The problem is that, the resulting smooth image looking like the pixels are all in the wrong other (mixed up). Is this from the dimensions of the grid and block? I've tried a LOT of other possible dimensions. What would be the right way?

I'm using a GTX480, version - 2.x, Maximum dimensionality of grid of thread blocks - 3, Maximum x-, y-, or z-dimension of a grid of thread blocks - 65535, Maximum Number of Threads per Block - 1024

2
Your kernel is never running because the blocksize is illegal. If you add some error checking to your code you will see the kernel launch fails with an invalid configuration error.talonmies
i have a cudaGetLastError(); immediately after cudaDeviceSynchronize(); and it returns no errorsFrancis Saa-Dittoh
Please read this question and answer for the correct way to check for errors during a kernel launch. Note in your question you have said your GPU has a limit of 1024 threads per block, and you are asking for 256*256*1 threads per block.....talonmies
Was not checking properly; you are right! However, I also get an error with (16,16,1) or (32,32,1)Francis Saa-Dittoh
So that this question isn't a complete waste of everyone's time, please write your solution into an answer. You will later be able to accept that answer, which marks the question as answeredtalonmies

2 Answers

1
votes

First, the dimensions are totally invalid. The following should work in this case;

dim3 blockSize(16, 16, 1);
dim3 gridSize((width + blockSize.x - 1)/ blockSize.x, (height + blockSize.y - 1) / blockSize.y, 1);
smooth <<< grid_size, block_size >>> (grayImage, smoothImage, width, height);

After the correction, using cuda-memcheck yielded results similar to;

========= Invalid __global__ read of size 4
=========     at 0x00000120 in cudaFilter
=========     by thread (4,1,0) in block (1,0,0)
=========     Address 0x05100190 is out of bounds

This shows that a value within the kernel code is out of bounds (most possibly an array index). Checking the various variables led to determine that filter[] was empty.

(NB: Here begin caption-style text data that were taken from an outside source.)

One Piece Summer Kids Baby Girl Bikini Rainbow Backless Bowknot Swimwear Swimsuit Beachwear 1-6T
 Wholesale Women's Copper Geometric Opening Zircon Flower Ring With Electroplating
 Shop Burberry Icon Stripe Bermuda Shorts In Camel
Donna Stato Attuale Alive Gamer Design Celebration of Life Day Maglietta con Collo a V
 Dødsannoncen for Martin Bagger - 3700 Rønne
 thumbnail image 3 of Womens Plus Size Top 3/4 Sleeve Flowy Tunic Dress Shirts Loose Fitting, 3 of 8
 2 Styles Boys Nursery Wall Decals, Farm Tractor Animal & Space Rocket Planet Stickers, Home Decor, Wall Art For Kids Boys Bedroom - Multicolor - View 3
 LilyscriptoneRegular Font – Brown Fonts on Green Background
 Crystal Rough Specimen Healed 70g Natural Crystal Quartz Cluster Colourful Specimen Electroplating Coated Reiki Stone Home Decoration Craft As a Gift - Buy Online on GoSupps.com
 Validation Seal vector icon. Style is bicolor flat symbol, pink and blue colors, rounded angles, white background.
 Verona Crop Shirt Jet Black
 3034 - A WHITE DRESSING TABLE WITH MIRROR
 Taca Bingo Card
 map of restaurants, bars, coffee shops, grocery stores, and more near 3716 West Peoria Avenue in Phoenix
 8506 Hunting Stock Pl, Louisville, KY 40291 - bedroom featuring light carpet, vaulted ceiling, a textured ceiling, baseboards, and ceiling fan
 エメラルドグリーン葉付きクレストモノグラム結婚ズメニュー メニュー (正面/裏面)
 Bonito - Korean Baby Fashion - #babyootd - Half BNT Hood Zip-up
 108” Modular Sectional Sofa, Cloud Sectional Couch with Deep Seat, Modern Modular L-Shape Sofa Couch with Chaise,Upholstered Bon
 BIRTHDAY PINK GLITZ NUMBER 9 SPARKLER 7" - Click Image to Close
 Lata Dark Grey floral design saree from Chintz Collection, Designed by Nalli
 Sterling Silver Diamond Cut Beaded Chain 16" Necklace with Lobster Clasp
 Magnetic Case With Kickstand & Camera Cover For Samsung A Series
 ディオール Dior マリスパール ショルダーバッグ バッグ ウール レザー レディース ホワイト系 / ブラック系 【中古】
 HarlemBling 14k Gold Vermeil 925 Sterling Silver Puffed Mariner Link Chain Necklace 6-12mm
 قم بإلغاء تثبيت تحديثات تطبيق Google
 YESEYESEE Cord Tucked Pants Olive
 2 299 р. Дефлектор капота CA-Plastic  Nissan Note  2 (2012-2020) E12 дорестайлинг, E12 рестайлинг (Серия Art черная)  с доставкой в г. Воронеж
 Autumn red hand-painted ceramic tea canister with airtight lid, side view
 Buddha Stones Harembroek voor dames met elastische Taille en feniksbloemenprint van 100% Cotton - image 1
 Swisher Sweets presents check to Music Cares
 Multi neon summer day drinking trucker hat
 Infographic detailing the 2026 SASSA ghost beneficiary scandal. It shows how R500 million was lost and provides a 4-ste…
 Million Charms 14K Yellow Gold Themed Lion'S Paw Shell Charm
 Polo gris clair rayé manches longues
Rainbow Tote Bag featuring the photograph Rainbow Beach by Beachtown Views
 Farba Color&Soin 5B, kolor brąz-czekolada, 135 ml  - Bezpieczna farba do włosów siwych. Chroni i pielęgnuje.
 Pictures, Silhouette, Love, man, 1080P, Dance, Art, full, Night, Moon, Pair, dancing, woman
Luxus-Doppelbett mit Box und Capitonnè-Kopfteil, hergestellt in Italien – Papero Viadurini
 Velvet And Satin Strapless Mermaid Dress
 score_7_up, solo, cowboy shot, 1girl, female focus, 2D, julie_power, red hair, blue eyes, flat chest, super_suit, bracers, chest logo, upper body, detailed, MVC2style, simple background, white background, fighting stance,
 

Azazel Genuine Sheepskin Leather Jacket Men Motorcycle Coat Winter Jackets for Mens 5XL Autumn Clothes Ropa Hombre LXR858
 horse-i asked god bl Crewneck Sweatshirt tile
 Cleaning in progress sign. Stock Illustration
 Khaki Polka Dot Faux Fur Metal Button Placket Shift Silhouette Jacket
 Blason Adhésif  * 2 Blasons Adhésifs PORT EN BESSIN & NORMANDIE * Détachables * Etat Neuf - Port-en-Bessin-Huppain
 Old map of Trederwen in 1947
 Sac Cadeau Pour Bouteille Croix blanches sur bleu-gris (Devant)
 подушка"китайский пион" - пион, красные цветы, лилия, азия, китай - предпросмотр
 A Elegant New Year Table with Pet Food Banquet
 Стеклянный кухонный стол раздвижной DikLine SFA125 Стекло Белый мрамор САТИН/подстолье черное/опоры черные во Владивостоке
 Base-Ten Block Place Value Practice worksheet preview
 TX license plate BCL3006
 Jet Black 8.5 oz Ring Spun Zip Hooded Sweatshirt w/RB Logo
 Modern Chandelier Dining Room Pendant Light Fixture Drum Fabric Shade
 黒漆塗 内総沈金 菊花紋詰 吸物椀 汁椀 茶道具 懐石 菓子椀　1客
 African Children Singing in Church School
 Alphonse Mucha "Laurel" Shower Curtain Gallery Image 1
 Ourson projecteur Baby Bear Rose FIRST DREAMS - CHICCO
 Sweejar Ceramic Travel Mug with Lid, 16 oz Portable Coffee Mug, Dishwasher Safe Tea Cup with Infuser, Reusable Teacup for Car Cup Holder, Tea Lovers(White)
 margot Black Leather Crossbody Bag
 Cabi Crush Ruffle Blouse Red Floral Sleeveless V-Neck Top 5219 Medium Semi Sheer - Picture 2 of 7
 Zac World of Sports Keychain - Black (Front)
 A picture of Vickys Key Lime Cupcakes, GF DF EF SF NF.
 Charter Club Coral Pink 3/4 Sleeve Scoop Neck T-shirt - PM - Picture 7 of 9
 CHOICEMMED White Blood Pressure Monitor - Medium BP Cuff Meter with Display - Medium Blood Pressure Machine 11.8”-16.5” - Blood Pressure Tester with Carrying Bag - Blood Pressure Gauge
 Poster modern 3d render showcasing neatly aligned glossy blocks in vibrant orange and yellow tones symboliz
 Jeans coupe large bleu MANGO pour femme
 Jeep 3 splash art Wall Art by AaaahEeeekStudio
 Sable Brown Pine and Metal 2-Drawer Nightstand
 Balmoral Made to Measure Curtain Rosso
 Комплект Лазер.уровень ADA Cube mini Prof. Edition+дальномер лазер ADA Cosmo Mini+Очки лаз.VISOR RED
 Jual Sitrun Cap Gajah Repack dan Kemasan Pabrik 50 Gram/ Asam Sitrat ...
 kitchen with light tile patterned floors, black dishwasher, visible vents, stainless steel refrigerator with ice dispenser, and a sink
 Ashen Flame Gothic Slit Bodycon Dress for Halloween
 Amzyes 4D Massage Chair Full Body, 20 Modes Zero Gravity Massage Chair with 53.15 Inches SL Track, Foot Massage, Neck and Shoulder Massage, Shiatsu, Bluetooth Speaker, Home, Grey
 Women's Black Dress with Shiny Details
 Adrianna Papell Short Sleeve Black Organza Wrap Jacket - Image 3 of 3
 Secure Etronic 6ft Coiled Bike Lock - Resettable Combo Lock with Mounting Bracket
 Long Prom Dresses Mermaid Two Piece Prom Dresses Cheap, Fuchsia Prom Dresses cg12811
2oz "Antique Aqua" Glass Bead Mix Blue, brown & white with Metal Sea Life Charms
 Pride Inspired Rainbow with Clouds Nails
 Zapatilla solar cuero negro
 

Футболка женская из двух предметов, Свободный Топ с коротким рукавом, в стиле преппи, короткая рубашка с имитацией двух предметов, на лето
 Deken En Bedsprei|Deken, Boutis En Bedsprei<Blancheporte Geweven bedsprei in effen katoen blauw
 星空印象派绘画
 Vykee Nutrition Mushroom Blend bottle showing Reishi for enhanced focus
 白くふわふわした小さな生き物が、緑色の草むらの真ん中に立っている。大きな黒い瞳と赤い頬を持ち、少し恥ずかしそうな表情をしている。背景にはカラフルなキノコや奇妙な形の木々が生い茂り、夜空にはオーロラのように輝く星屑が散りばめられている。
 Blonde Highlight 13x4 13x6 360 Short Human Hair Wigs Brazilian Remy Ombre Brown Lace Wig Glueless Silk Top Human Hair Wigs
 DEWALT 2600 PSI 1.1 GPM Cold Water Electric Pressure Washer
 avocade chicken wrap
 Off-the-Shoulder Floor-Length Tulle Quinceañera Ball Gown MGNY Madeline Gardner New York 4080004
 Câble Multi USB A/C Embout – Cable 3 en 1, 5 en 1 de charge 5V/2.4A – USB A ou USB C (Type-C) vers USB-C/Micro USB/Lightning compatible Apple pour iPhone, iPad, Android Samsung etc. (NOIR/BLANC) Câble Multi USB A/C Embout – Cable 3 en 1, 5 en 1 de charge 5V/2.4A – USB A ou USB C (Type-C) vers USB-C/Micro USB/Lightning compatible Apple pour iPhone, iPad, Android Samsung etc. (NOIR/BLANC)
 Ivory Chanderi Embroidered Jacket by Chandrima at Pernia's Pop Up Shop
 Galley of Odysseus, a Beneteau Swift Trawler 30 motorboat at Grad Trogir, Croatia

Lastly, if filter[] is to be passed to the kernel, it should be copied from CPU to GPU using something like

cudaMemcpy(filterGpu, filter, 25 * sizeof(float), cudaMemcpyHostToDevice);

Alternatively, if the filter is not needed anywhere else (as is the case here), it can be declared within the kernel instead.

1
votes

Looking at this answer related to image filtering, I would recommend that you create the block and grid for the image like this:

dim3 blockSize(16,16,1);
dim3 gridSize((width + blockSize.x - 1)/blockSize.x,(height + blockSize.y - 1)/blockSize.y,1);

Another very common mistake that you are making is that the filter array you are passing to the kernel, is allocated on the host. Create an array of same size on the device and copy the coefficients from host to device. Pass that device array to the kernel.

Also, it is highly recommended to calculate the sum of filter coefficients on host side and pass it as an argument to the kernel instead of calculating the sum again and again in each thread.

The boundary conditions may cause out of range memory access. Handle the boundary conditions explicitly in the kernel. Or the easy approach is to use CUDA texture for the input image so that boundary conditions are handled automatically.